_Requirement_: Below are records with pictures; copy word for word only the lines between the line with "La Casa Blanca, bajo la tormenta La" and the line with "Британка пила пепси", inclusive, and drop the pictures.

_Data shown_:
**********

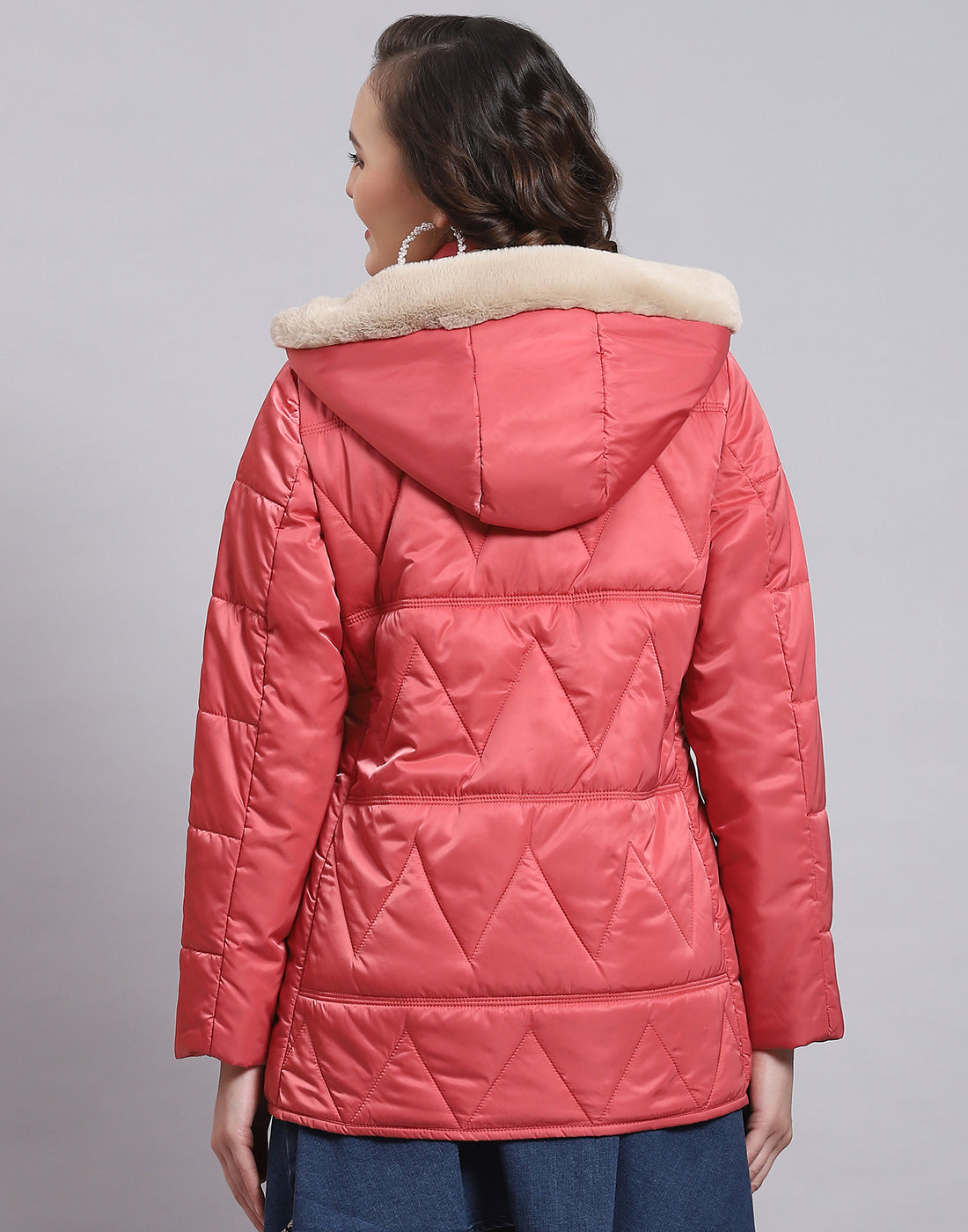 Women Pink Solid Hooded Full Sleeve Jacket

**********

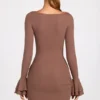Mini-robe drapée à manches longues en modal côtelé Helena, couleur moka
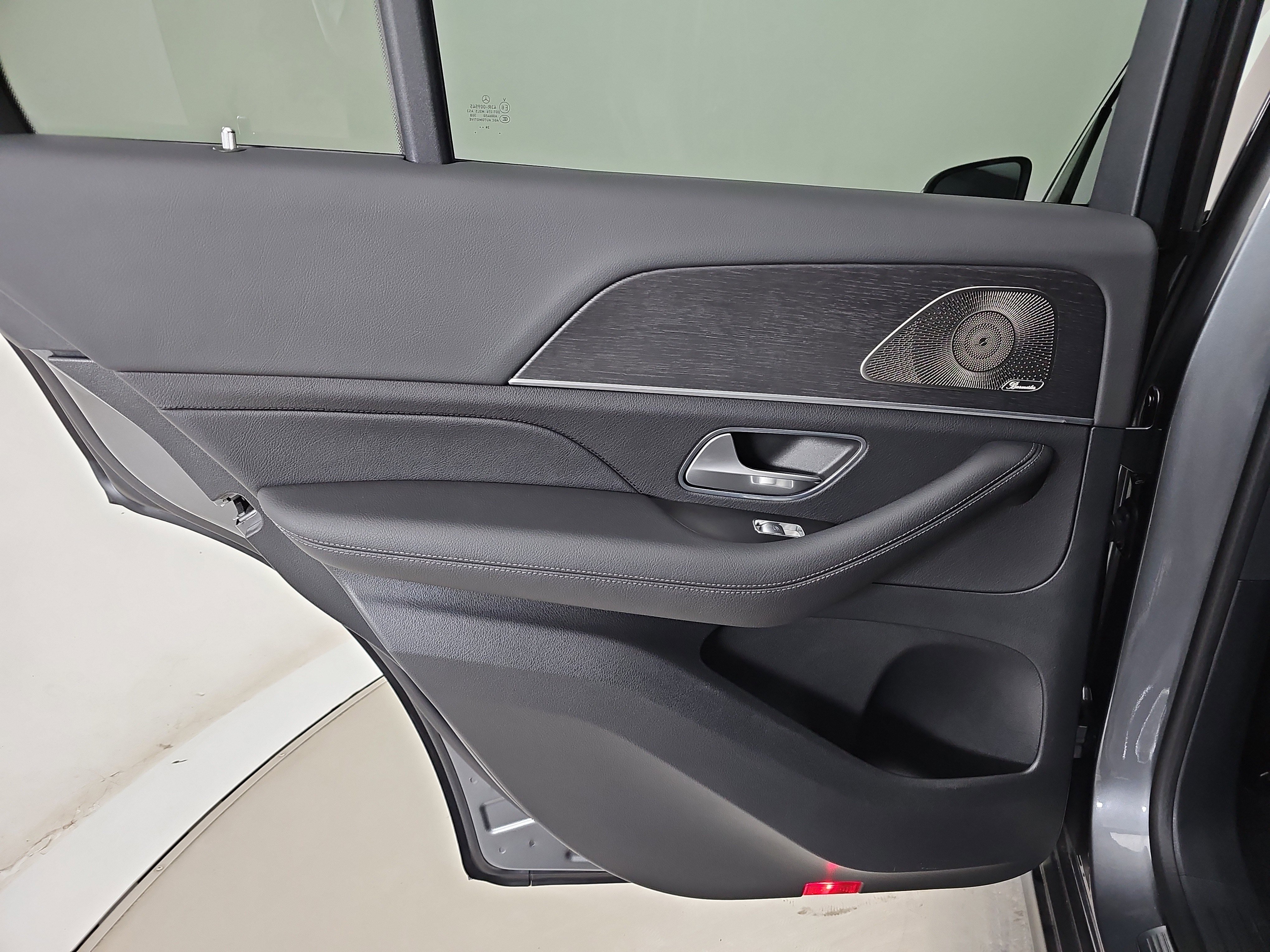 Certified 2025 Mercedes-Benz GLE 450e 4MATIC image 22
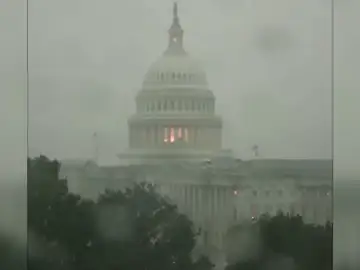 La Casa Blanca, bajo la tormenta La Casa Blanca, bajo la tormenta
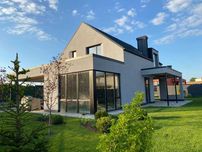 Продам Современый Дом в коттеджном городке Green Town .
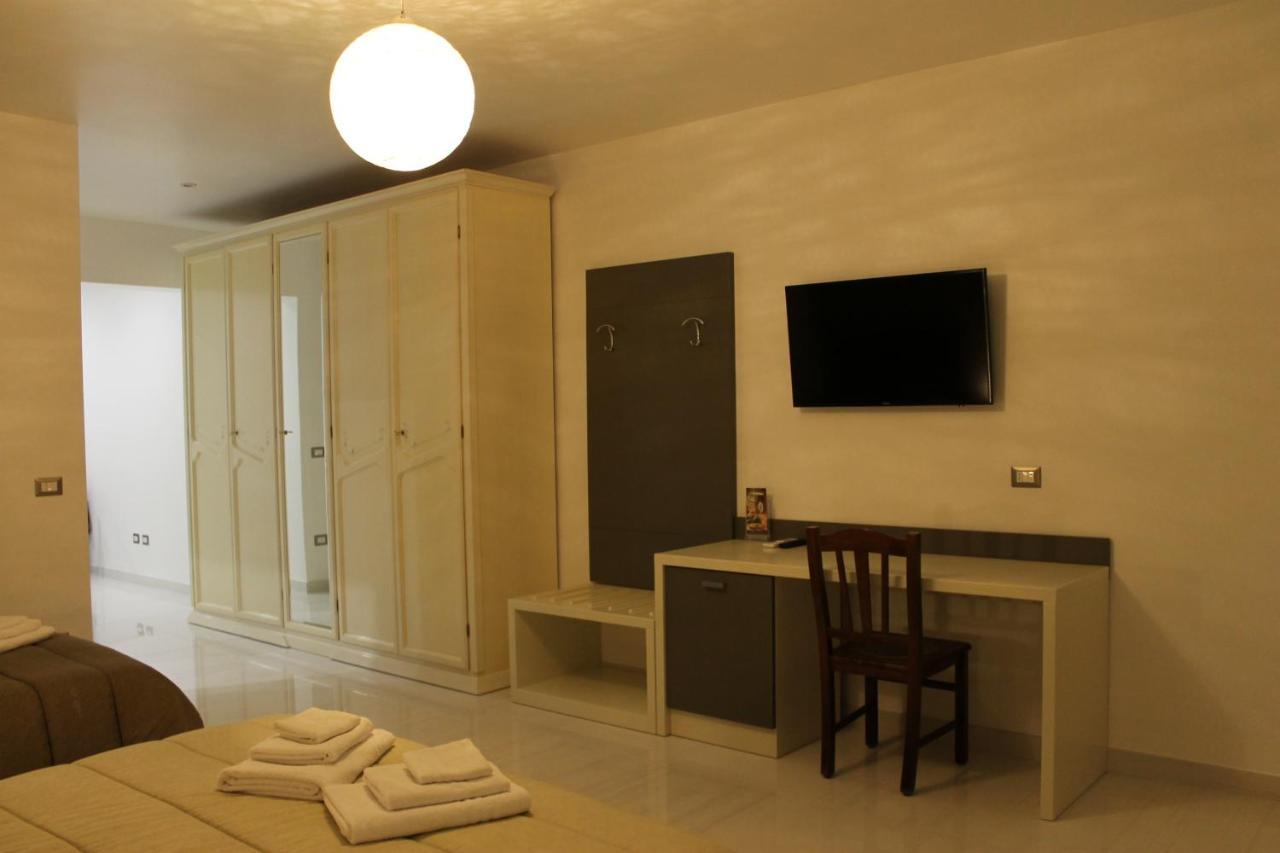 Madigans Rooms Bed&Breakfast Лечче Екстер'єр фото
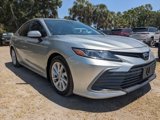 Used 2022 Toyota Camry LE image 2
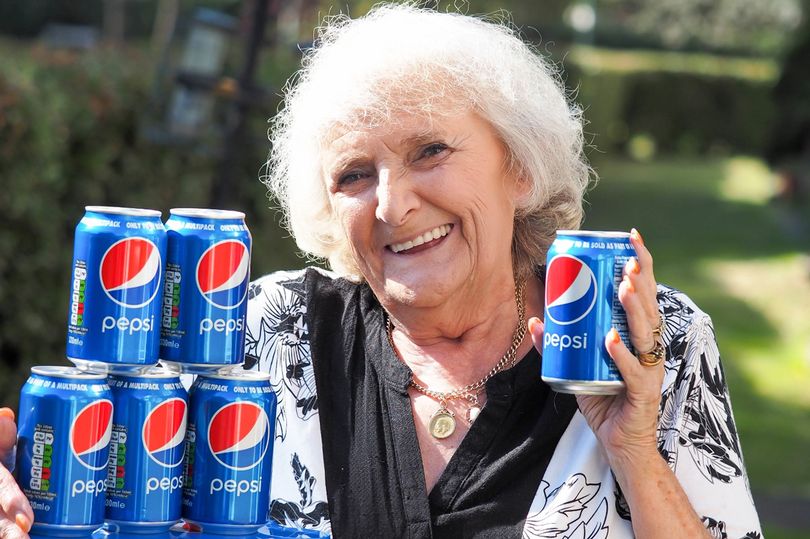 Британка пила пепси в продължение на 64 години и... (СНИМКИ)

**********

_Answer to this problem_:
 La Casa Blanca, bajo la tormenta La Casa Blanca, bajo la tormenta
 Продам Современый Дом в коттеджном городке Green Town .
 Madigans Rooms Bed&Breakfast Лечче Екстер'єр фото
 Used 2022 Toyota Camry LE image 2
 Британка пила пепси в продължение на 64 години и... (СНИМКИ)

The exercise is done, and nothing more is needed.